During 2006 a hedging program was implemented to provide more consistent
margins and resulted in a mark-to-market loss in 2006, which reversed in 2007.
During Q1 2007, Bear Swamp finalized a long-term agreement with the Long
Island Power Authority to provide LIPA with 345 MW of capacity to May 31, 2010
(approximately 55% of Bear Swamp's total capacity); and 100 MW thereafter, to
April 30, 2021. In addition, Bear Swamp will provide LIPA with 12,200 MWh of
super-peak and peak energy weekly, (approximately 35% of the plant's available
energy) at a fixed price, with an annual increase, over the 15 year term of
the agreement. Bear Swamp has contracted with its parent companies for the
power supply necessary to produce the energy requirements of the LIPA
agreement.
Mark-to-market
As mentioned above, Bear Swamp has contracted with its parents to provide
the power necessary to produce the energy requirements of the LIPA contract.
One of the contracts between Bear Swamp and Emera's joint venture partner is
marked-to-market through earnings as it does not meet the stringent accounting
requirements of hedge accounting. As at December 31, 2008, the fair value of
the net derivative asset was $4.9 million (December 31, 2007 - $10.5 million),
which is subject to market volatility of power prices, and will reverse over
the life of the agreement as it is realized. The agreement expires in 2021.
Brunswick Pipeline
Brunswick Pipeline was mechanically complete, and received National Energy
Board approval for shipping gas, in January 2009. This accommodates the needs
of the customer, Repsol, and the timing of completing the Canaport(TM) LNG
terminal, expected in Q2 2009. Capital costs of Brunswick Pipeline are
expected to be $465 million plus additional AFUDC and operating expenses
capitalized as a result of the delay in receiving gas from the Canaport(TM)
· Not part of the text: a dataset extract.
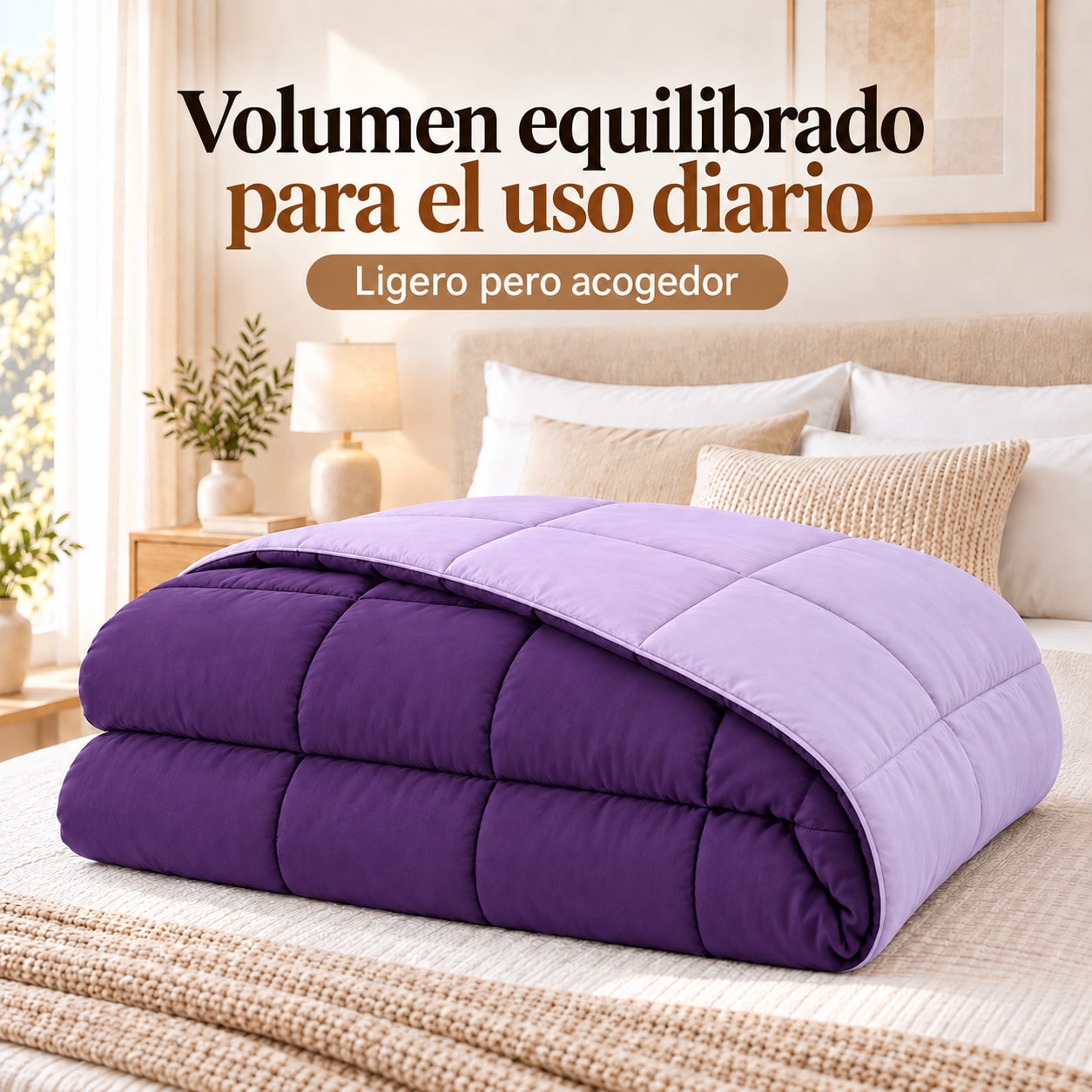 Edredón con Relleno Incluido, Edredón Nórdico Bicolor Reversible 240 g/m², Edredón Acolchado de Doble Cara para Otoño e Invierno Suave, Edredones de Cama 90/105/135/150/180 cm, Relleno Nórdico Suave y Confortable, Ropa de Cama para Dormitorio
LNG terminal. Revenue from the customer will begin when the terminal is
operational, but no later than September 2009.
M&NP Equity Earnings
Equity earnings for M&NP were $4.6 million in Q4 2008 compared to $2.6
million in Q4 2007. The increase in earnings was a result of proceeds related
to a settlement agreement between M&NP and EnCana Marketing (USA) Inc.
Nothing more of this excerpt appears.